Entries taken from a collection
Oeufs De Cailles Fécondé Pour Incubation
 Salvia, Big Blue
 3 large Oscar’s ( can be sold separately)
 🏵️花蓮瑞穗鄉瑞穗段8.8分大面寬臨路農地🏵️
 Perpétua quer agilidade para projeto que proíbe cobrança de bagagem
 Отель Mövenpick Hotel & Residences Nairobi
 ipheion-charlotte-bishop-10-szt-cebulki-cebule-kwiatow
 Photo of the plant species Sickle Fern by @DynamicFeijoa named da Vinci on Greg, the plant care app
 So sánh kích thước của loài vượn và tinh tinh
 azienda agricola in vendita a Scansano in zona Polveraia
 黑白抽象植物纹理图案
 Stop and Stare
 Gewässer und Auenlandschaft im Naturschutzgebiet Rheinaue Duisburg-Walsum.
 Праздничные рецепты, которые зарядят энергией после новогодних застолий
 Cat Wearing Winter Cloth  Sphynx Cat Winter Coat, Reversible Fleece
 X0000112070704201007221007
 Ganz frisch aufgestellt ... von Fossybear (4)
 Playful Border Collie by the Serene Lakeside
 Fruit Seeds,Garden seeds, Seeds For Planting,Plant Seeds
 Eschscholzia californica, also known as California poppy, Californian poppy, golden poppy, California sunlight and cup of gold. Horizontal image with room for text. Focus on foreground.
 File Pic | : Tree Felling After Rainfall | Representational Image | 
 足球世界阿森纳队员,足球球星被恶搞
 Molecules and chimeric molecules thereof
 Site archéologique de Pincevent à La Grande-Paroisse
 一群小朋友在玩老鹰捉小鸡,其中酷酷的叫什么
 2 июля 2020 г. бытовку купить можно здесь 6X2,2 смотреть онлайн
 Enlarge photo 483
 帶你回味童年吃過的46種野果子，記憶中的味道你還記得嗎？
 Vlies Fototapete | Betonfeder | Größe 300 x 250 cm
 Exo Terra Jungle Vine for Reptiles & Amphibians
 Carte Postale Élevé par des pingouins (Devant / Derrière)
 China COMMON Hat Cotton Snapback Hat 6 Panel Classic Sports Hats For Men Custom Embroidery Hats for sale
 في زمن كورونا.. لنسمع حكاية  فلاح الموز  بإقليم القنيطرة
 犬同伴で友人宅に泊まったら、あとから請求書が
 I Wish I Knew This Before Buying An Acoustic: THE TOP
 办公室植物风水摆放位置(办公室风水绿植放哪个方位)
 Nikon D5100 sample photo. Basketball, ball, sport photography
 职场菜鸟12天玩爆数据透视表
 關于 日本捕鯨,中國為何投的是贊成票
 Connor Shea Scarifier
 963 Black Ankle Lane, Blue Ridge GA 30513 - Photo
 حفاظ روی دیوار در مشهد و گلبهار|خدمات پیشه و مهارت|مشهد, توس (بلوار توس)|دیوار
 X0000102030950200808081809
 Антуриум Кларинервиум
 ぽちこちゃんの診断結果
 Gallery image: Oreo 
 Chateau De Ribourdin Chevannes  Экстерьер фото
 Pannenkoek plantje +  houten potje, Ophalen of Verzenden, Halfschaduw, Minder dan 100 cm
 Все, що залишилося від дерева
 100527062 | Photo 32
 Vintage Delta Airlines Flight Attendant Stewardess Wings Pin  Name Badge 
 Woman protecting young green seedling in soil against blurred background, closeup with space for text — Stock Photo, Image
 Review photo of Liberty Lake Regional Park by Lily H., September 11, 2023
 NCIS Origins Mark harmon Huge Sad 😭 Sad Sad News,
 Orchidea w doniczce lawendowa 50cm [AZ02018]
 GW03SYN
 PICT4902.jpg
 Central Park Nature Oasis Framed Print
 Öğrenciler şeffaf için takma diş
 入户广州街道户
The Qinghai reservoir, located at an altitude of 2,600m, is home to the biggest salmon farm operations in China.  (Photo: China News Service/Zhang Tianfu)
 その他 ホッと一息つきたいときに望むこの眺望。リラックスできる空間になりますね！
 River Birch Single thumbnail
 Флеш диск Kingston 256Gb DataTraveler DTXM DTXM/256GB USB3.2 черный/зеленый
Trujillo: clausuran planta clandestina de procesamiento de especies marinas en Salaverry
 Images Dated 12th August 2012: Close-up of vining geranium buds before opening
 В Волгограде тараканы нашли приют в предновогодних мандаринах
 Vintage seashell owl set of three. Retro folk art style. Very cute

WHAT IS NEEDED:
Write out the entries in full, exactly as given.

SOLUTION TO THE EXERCISE:
Oeufs De Cailles Fécondé Pour Incubation
 Salvia, Big Blue
 3 large Oscar’s ( can be sold separately)
 🏵️花蓮瑞穗鄉瑞穗段8.8分大面寬臨路農地🏵️
 Perpétua quer agilidade para projeto que proíbe cobrança de bagagem
 Отель Mövenpick Hotel & Residences Nairobi
 ipheion-charlotte-bishop-10-szt-cebulki-cebule-kwiatow
 Photo of the plant species Sickle Fern by @DynamicFeijoa named da Vinci on Greg, the plant care app
 So sánh kích thước của loài vượn và tinh tinh
 azienda agricola in vendita a Scansano in zona Polveraia
 黑白抽象植物纹理图案
 Stop and Stare
 Gewässer und Auenlandschaft im Naturschutzgebiet Rheinaue Duisburg-Walsum.
 Праздничные рецепты, которые зарядят энергией после новогодних застолий
 Cat Wearing Winter Cloth  Sphynx Cat Winter Coat, Reversible Fleece
 X0000112070704201007221007
 Ganz frisch aufgestellt ... von Fossybear (4)
 Playful Border Collie by the Serene Lakeside
 Fruit Seeds,Garden seeds, Seeds For Planting,Plant Seeds
 Eschscholzia californica, also known as California poppy, Californian poppy, golden poppy, California sunlight and cup of gold. Horizontal image with room for text. Focus on foreground.
 File Pic | : Tree Felling After Rainfall | Representational Image | 
 足球世界阿森纳队员,足球球星被恶搞
 Molecules and chimeric molecules thereof
 Site archéologique de Pincevent à La Grande-Paroisse
 一群小朋友在玩老鹰捉小鸡,其中酷酷的叫什么
 2 июля 2020 г. бытовку купить можно здесь 6X2,2 смотреть онлайн
 Enlarge photo 483
 帶你回味童年吃過的46種野果子，記憶中的味道你還記得嗎？
 Vlies Fototapete | Betonfeder | Größe 300 x 250 cm
 Exo Terra Jungle Vine for Reptiles & Amphibians
 Carte Postale Élevé par des pingouins (Devant / Derrière)
 China COMMON Hat Cotton Snapback Hat 6 Panel Classic Sports Hats For Men Custom Embroidery Hats for sale
 في زمن كورونا.. لنسمع حكاية  فلاح الموز  بإقليم القنيطرة
 犬同伴で友人宅に泊まったら、あとから請求書が
 I Wish I Knew This Before Buying An Acoustic: THE TOP
 办公室植物风水摆放位置(办公室风水绿植放哪个方位)
 Nikon D5100 sample photo. Basketball, ball, sport photography
 职场菜鸟12天玩爆数据透视表
 關于 日本捕鯨,中國為何投的是贊成票
 Connor Shea Scarifier
 963 Black Ankle Lane, Blue Ridge GA 30513 - Photo
 حفاظ روی دیوار در مشهد و گلبهار|خدمات پیشه و مهارت|مشهد, توس (بلوار توس)|دیوار
 X0000102030950200808081809
 Антуриум Кларинервиум
 ぽちこちゃんの診断結果
 Gallery image: Oreo 
 Chateau De Ribourdin Chevannes  Экстерьер фото
 Pannenkoek plantje +  houten potje, Ophalen of Verzenden, Halfschaduw, Minder dan 100 cm
 Все, що залишилося від дерева
 100527062 | Photo 32
 Vintage Delta Airlines Flight Attendant Stewardess Wings Pin  Name Badge 
 Woman protecting young green seedling in soil against blurred background, closeup with space for text — Stock Photo, Image
 Review photo of Liberty Lake Regional Park by Lily H., September 11, 2023
 NCIS Origins Mark harmon Huge Sad 😭 Sad Sad News,
 Orchidea w doniczce lawendowa 50cm [AZ02018]
 GW03SYN
 PICT4902.jpg
 Central Park Nature Oasis Framed Print
 Öğrenciler şeffaf için takma diş
 入户广州街道户
The Qinghai reservoir, located at an altitude of 2,600m, is home to the biggest salmon farm operations in China.  (Photo: China News Service/Zhang Tianfu)
 その他 ホッと一息つきたいときに望むこの眺望。リラックスできる空間になりますね！
 River Birch Single thumbnail
 Флеш диск Kingston 256Gb DataTraveler DTXM DTXM/256GB USB3.2 черный/зеленый
Trujillo: clausuran planta clandestina de procesamiento de especies marinas en Salaverry
 Images Dated 12th August 2012: Close-up of vining geranium buds before opening
 В Волгограде тараканы нашли приют в предновогодних мандаринах
 Vintage seashell owl set of three. Retro folk art style. Very cute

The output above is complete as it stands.